2. I learnt that growing up isn't a bad thing.

Everyone wants to stay young forever and no one can deny that growing older is flippin' scary stuff! Heck, the media, cosmetic companies and big corporations alike thrive on tapping into the most narcissistic of our insecurities and we can't help but get sucked in. It is scary though, I mean who can forget that free spirited feeling of being a teenager and only having school to worry about? Everything starts to feel more real and more stressful and more permanent the older you get and whilst it makes me want to bash my head against a wall sometimes, it's actually opened up many more opportunities. It struck me how having a job and being able to drive and making my own decisions, has allowed me to make friends, travel the world and also find myself. I'm not saying that I wake up cheery and motivated for work everyday, or that I like the expenses that come with adult life, but I certainly enjoy being able to make plans and enjoy myself!

One of the scariest parts of growing older however is commitment. My friends and I always used to joke about settling down and it actually stopped me from really thinking about my future seriously. Whenever someone would ask if I ever thought about marriage or children, I would snort at the very idea and awkwardly play with my hands, as I uncomfortably answered 'Maybe in the future?'. Because that's something only adults do isn't it? They plan for the future and surely I'm too young. But then one of my closest and dearest friends got married in 2016 and I started to wonder if I had been denying myself for too long. Commitment isn't an adult thing at all, it's just another beautiful part of life and although it's not something that is in the cards right now, it's not something that I should feel embarrassed or worried about. It's now something that I really look forward to happening, but only when the time is right!




3. I let go of negative feelings.

I had never really realised before just how many negative experiences I had held onto over the years and how they had changed my general perception of life and situations. It's so easy to focus on the bad, rather than just let it go and move on and it lead me to continually pass judgement on situations that I didn't really understand. It's stopped me from achieving things and putting myself out there to really succeed and it also created a darker side to me that I just didn't like. A lot of things happened in 2016 that put life clearly into perspective for me and I had a brief period of time where I felt like I was on the verge of just breaking down, because I was certain that I was set up to constantly fail. I would consistently run over every little thing that had gone wrong since I was a teenager and constantly wondered 'why me?'. Before long it got so exhausting that I decided it needed to end.
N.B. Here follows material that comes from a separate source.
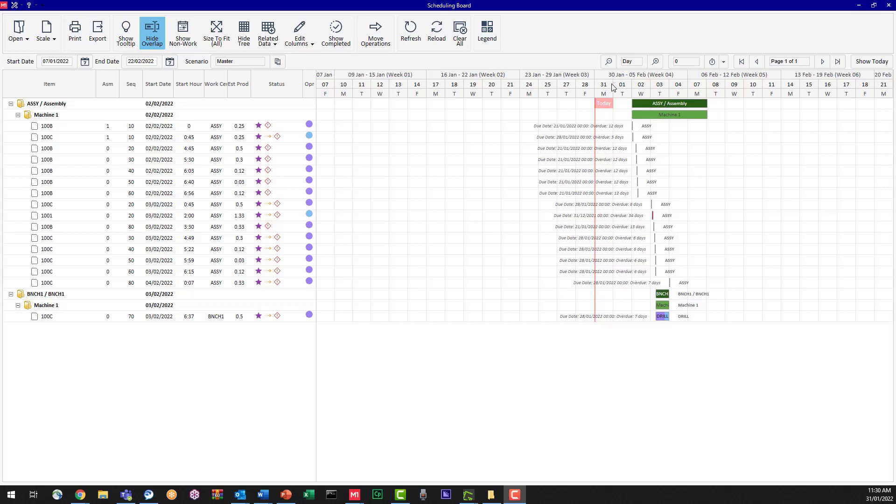So what we're going to do is say, well, that's great that we're looking at today, but why are we looking at all of this month in the past when what we want to do is schedule in the future? So let's have a look at changing this information.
I'm not going to tell you that I let go of everything as simply as a click of your fingers, but I did start to question everything I had ever held onto. How long ago did it happen? Has it really changed anything? Does it really matter? The more I analysed things, the sillier it all seemed that I allowed the past to decide my future and that had to stop. It wasn't just about the past experiences however, it was also about how I was going to handle situations going forward. There was a particular incident towards the end of the year where I put this new mindset into practice. It was a ridiculous situation that made me understand that even those closest to you can you let you down and although it was a pretty hurtful moment for me, I realised that the best thing for me was to move on. I decided that if someone could erase me so easily from their life, then they never deserved to be in mine and I've tried to give it little thought since. It's not easy, but it's definitely made me happier.